**** RECORDS

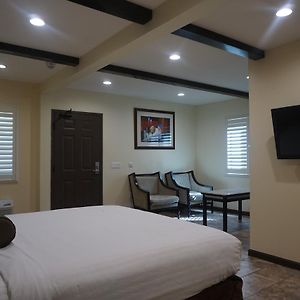 Tuscan Garden Inn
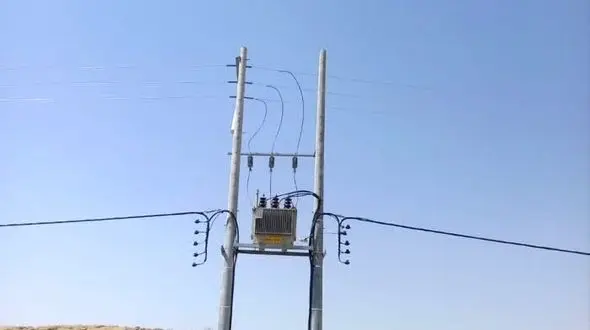 احداث شبکه و نصب ترانس جدید در دهق با هدف تأمین برق پایدار و افزایش ظرفیت برق رسانی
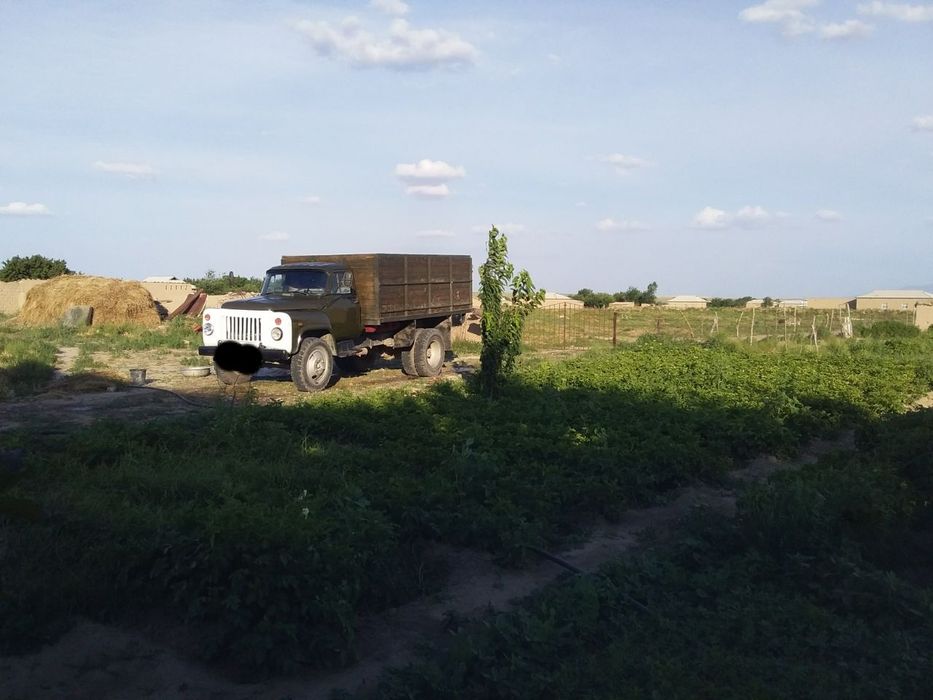 Gaz 53 sotiladi 40 million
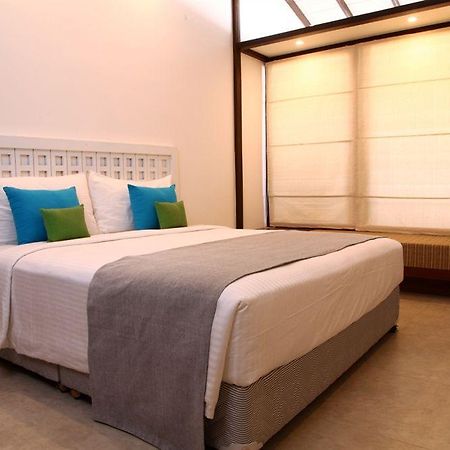 Blue Oceanic Beach Hotel Negombo Ngoại thất bức ảnh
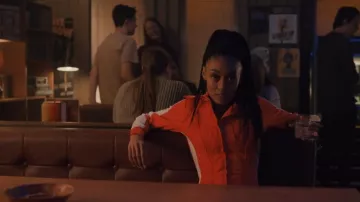 Combinaison Adidas 'ski chic' en rouge portée par Lexi (Mercedes Morris) vue dans SkyMed (S02E02)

********

• THE PROBLEM: Only the lines from the one containing "Gaz 53 sotiladi 40 million" through the last line of the data above, both included, belong in the reply, each restated exactly and without pictures.

• RESULT FOR THIS EXERCISE:
 Gaz 53 sotiladi 40 million
 Blue Oceanic Beach Hotel Negombo Ngoại thất bức ảnh
 Combinaison Adidas 'ski chic' en rouge portée par Lexi (Mercedes Morris) vue dans SkyMed (S02E02)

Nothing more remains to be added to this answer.